- **EXCERPTED RECORDS**:
-- -- --
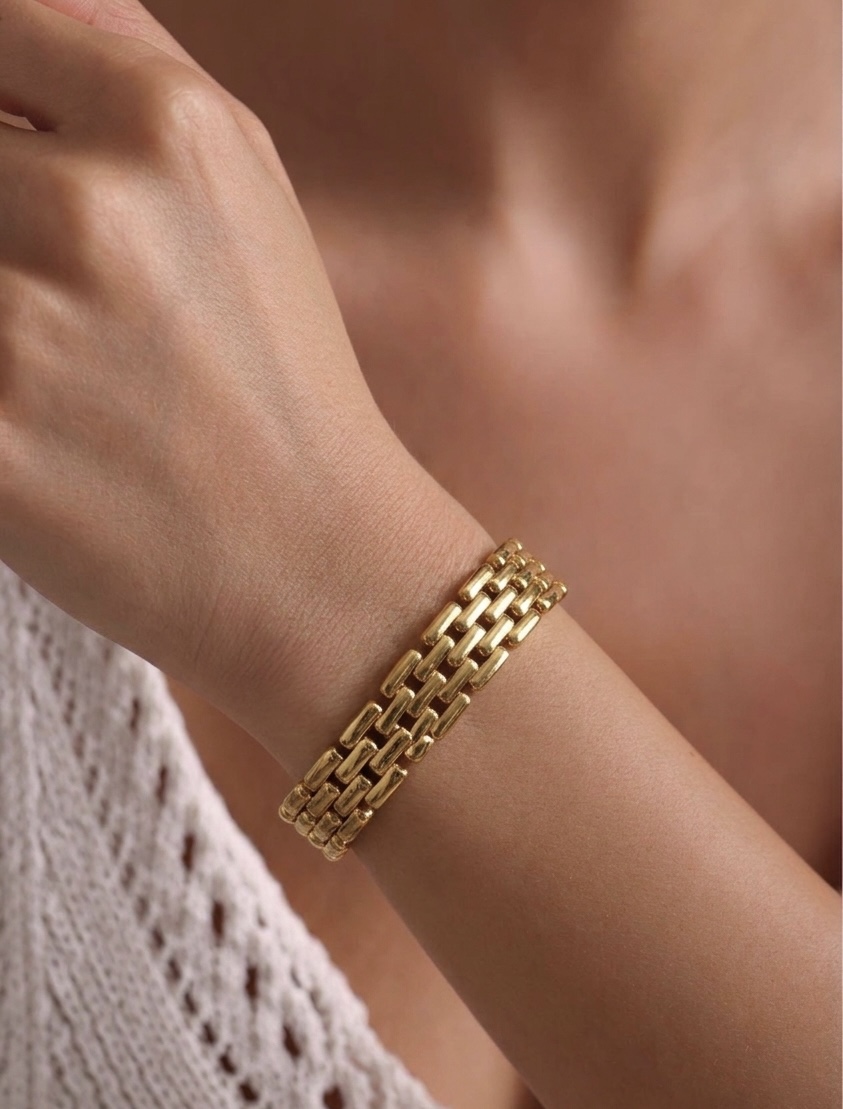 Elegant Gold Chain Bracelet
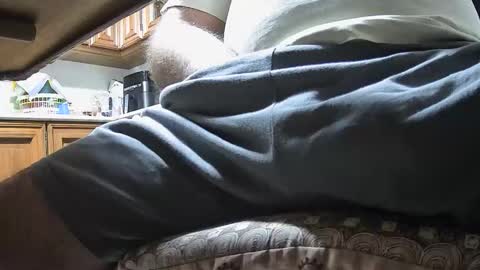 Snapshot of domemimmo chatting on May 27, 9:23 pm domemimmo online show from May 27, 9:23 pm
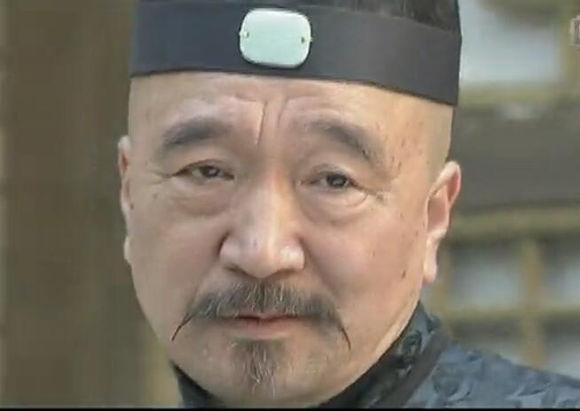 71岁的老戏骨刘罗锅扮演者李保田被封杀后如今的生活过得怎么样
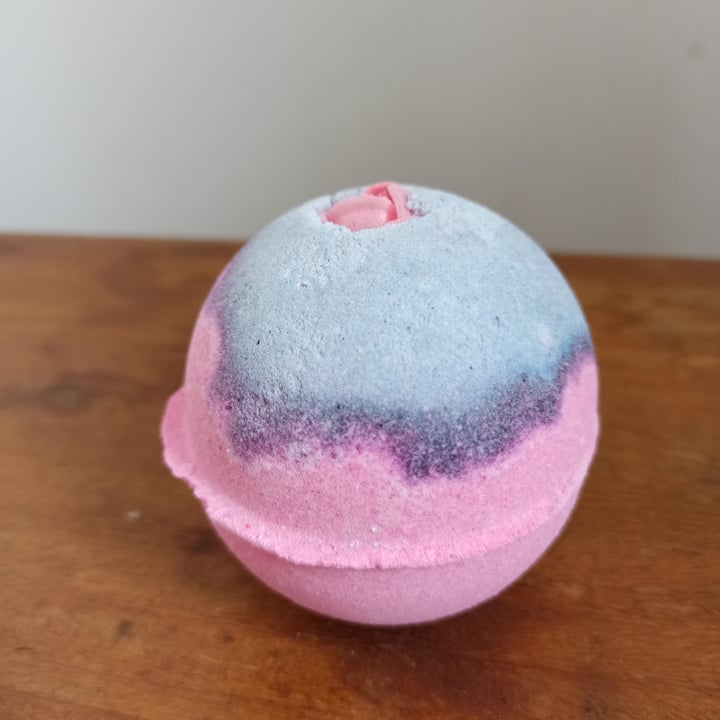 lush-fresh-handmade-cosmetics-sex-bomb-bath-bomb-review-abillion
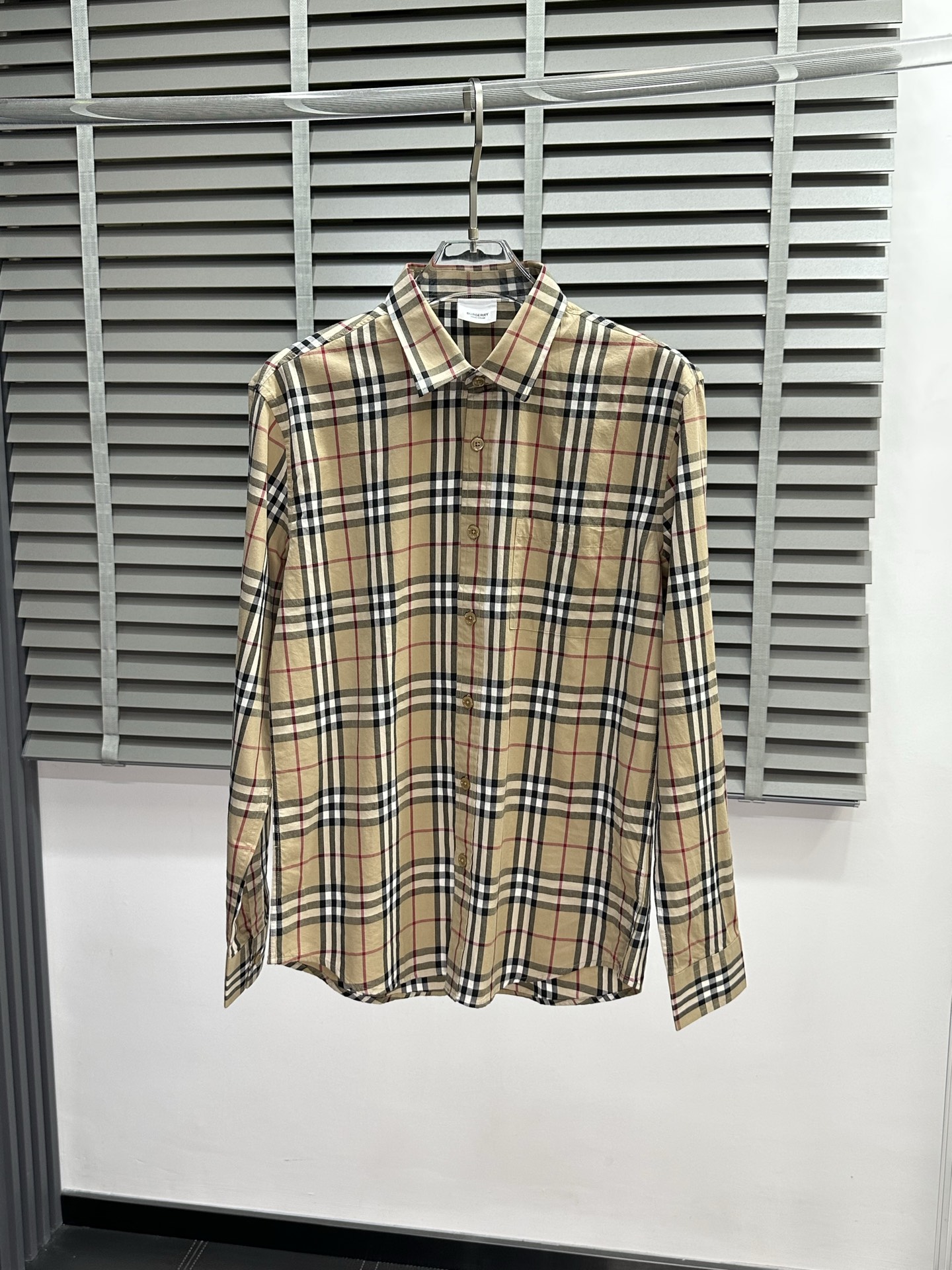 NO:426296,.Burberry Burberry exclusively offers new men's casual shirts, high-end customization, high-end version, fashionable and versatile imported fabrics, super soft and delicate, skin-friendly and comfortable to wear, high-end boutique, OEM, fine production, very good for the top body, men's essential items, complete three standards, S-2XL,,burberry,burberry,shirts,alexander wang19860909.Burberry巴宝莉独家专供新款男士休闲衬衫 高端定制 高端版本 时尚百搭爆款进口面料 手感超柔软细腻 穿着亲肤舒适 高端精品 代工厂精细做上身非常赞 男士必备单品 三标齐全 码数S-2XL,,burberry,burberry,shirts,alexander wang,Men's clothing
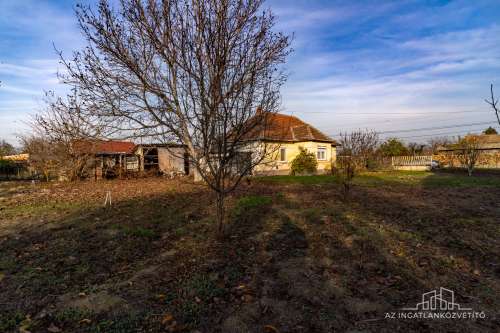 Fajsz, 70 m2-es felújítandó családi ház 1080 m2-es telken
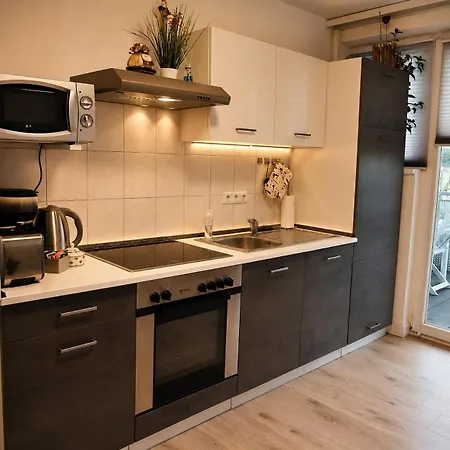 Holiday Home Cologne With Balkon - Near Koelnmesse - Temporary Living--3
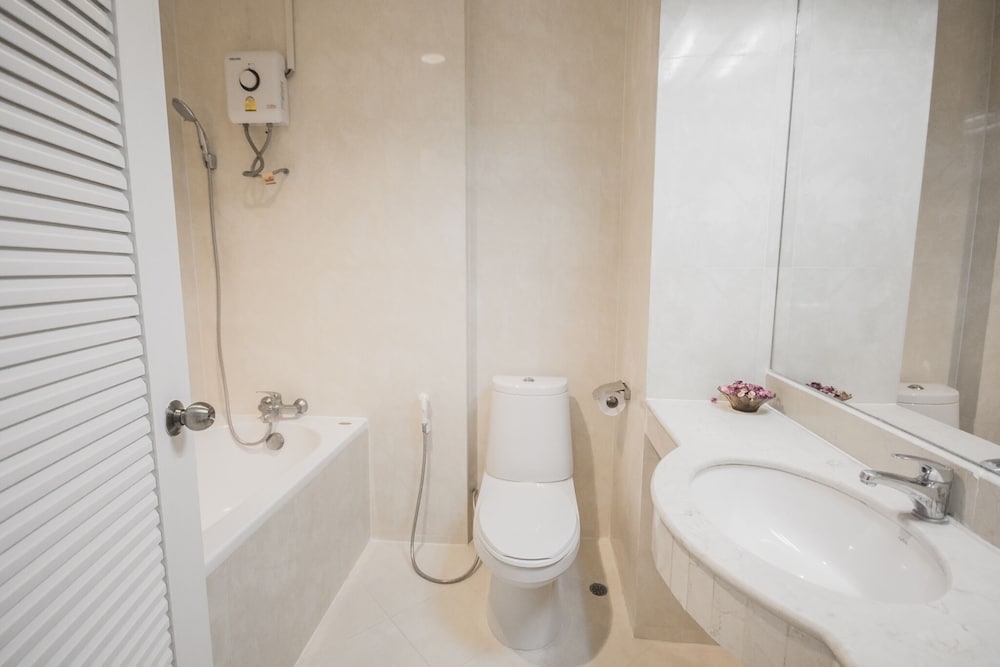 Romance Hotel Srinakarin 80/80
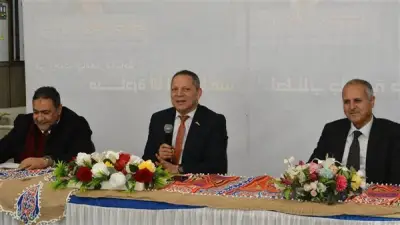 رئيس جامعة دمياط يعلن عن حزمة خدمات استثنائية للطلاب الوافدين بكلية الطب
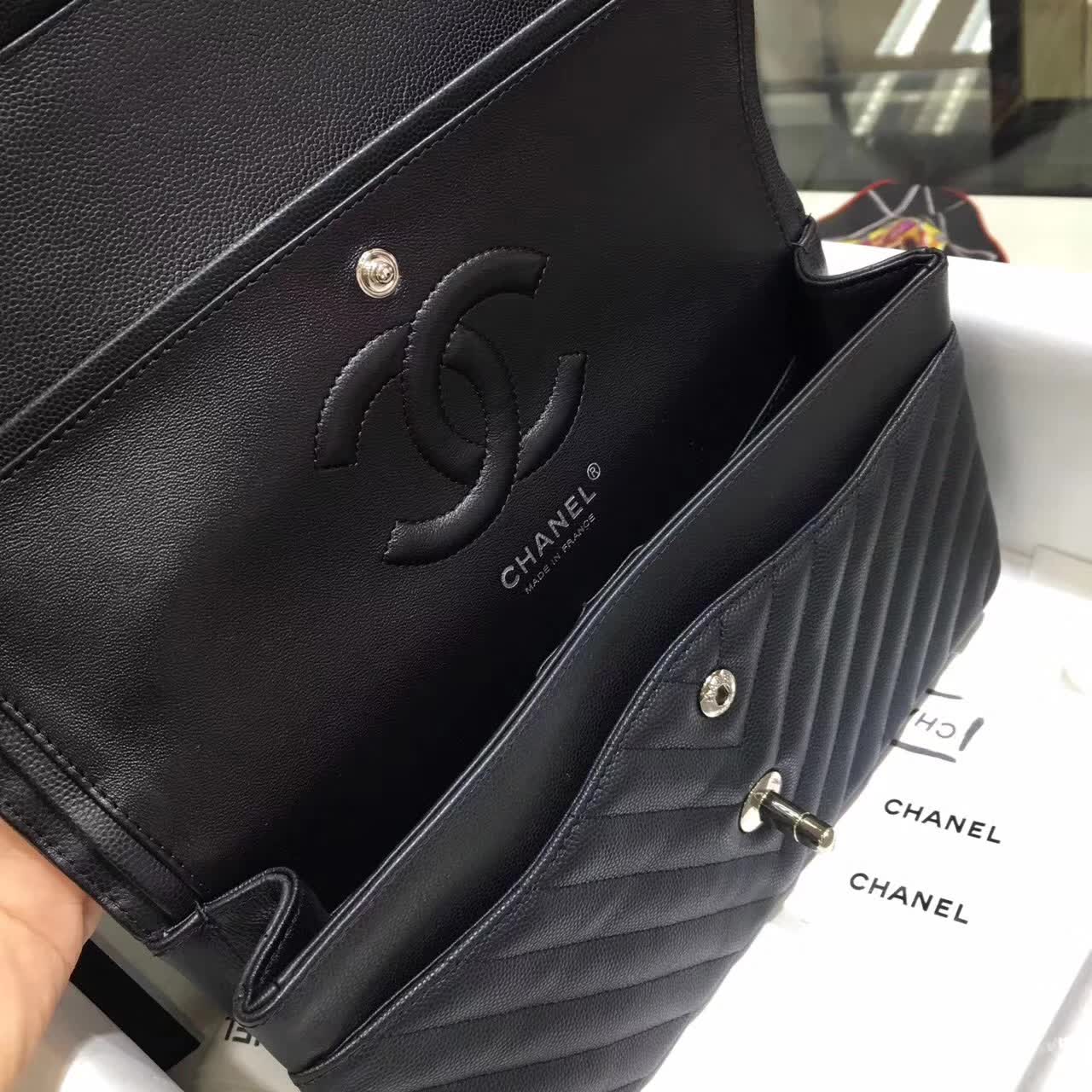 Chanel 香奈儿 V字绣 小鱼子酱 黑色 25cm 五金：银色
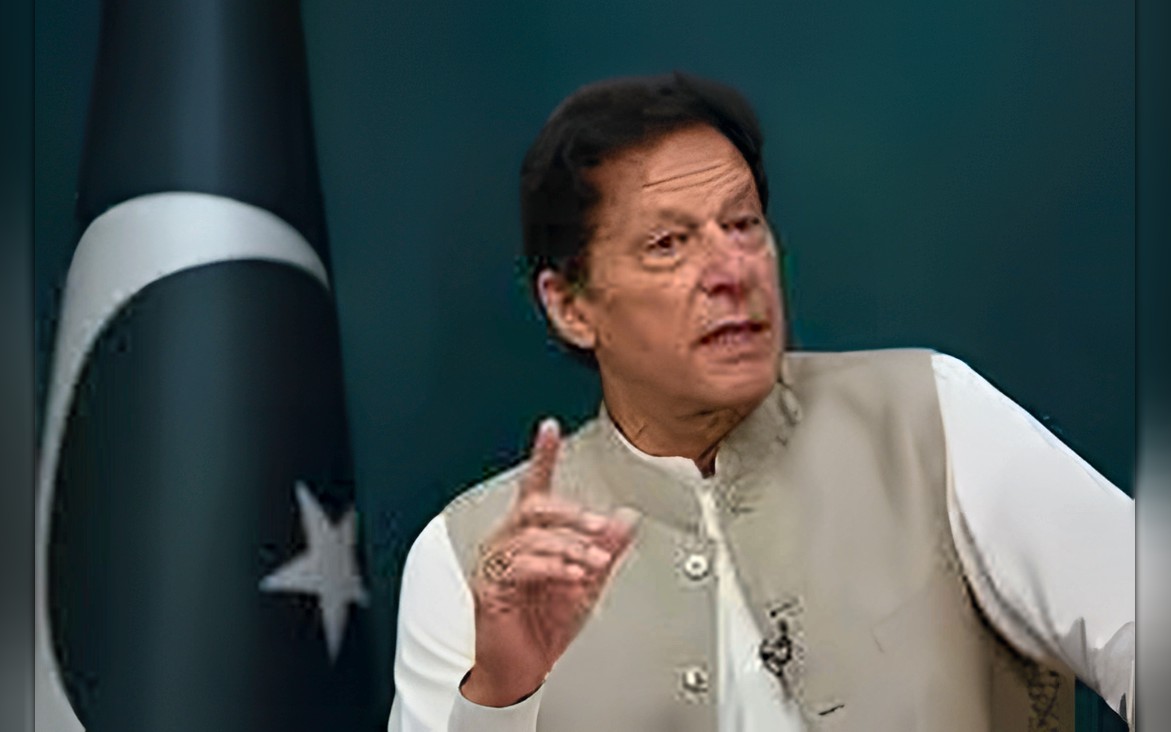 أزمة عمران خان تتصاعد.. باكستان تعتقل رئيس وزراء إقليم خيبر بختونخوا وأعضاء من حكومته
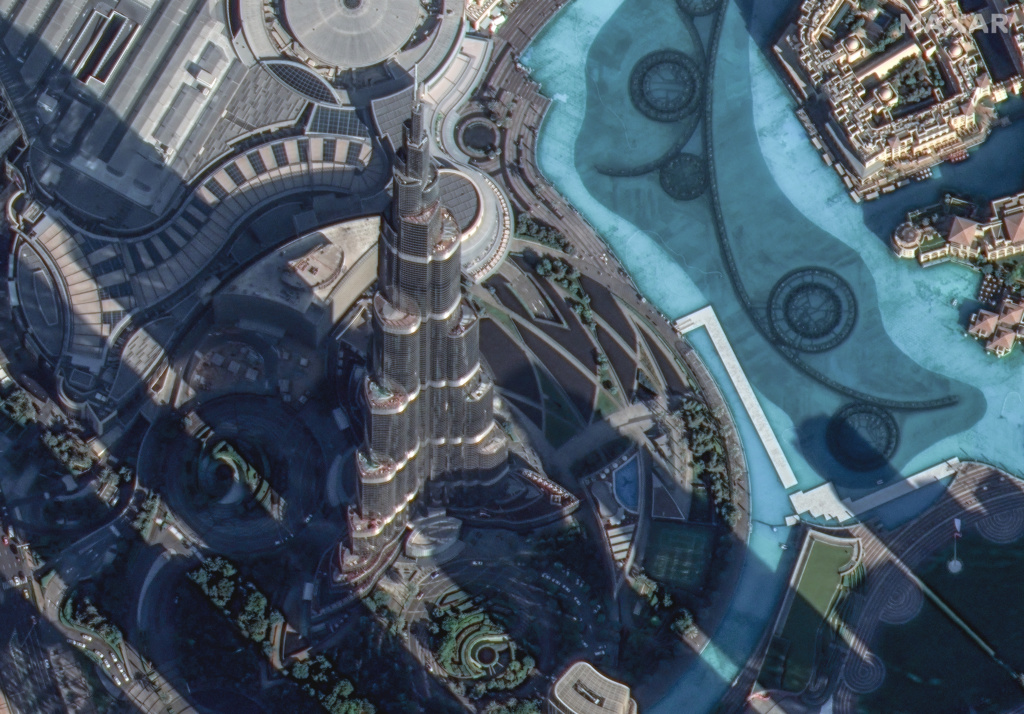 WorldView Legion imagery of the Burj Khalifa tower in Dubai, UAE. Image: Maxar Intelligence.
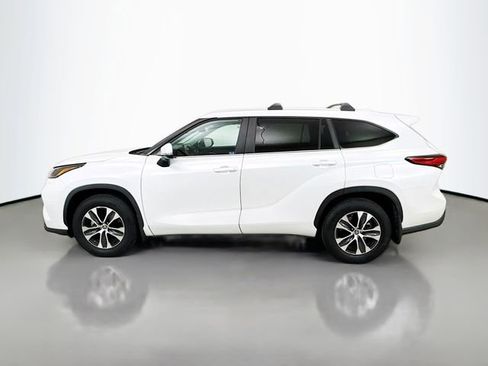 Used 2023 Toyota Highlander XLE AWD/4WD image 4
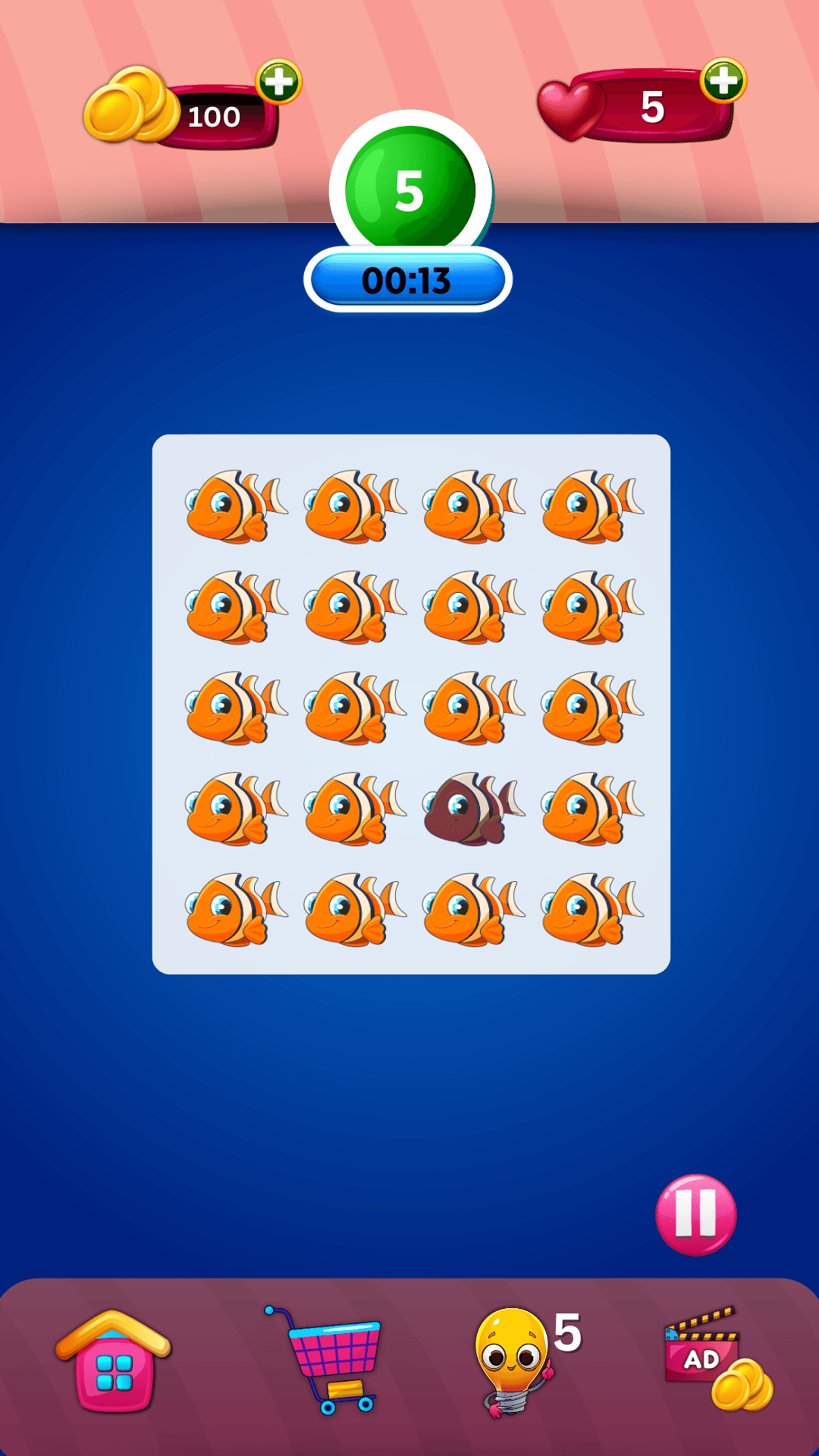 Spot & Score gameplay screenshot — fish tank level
-- -- --
- **PROBLEM TO SOLVE**: The lines running from the one with "lush-fresh-handmade-cosmetics-sex-bomb-bath-bomb-review-abillion" to the close of the material above are to be retyped exactly; no picture is to be included.

- **RESPONSE TO THE TASK**:
 lush-fresh-handmade-cosmetics-sex-bomb-bath-bomb-review-abillion
 NO:426296,.Burberry Burberry exclusively offers new men's casual shirts, high-end customization, high-end version, fashionable and versatile imported fabrics, super soft and delicate, skin-friendly and comfortable to wear, high-end boutique, OEM, fine production, very good for the top body, men's essential items, complete three standards, S-2XL,,burberry,burberry,shirts,alexander wang19860909.Burberry巴宝莉独家专供新款男士休闲衬衫 高端定制 高端版本 时尚百搭爆款进口面料 手感超柔软细腻 穿着亲肤舒适 高端精品 代工厂精细做上身非常赞 男士必备单品 三标齐全 码数S-2XL,,burberry,burberry,shirts,alexander wang,Men's clothing
 Fajsz, 70 m2-es felújítandó családi ház 1080 m2-es telken
 Holiday Home Cologne With Balkon - Near Koelnmesse - Temporary Living--3
 Romance Hotel Srinakarin 80/80
 رئيس جامعة دمياط يعلن عن حزمة خدمات استثنائية للطلاب الوافدين بكلية الطب
 Chanel 香奈儿 V字绣 小鱼子酱 黑色 25cm 五金：银色
 أزمة عمران خان تتصاعد.. باكستان تعتقل رئيس وزراء إقليم خيبر بختونخوا وأعضاء من حكومته
 WorldView Legion imagery of the Burj Khalifa tower in Dubai, UAE. Image: Maxar Intelligence.
 Used 2023 Toyota Highlander XLE AWD/4WD image 4
 Spot & Score gameplay screenshot — fish tank level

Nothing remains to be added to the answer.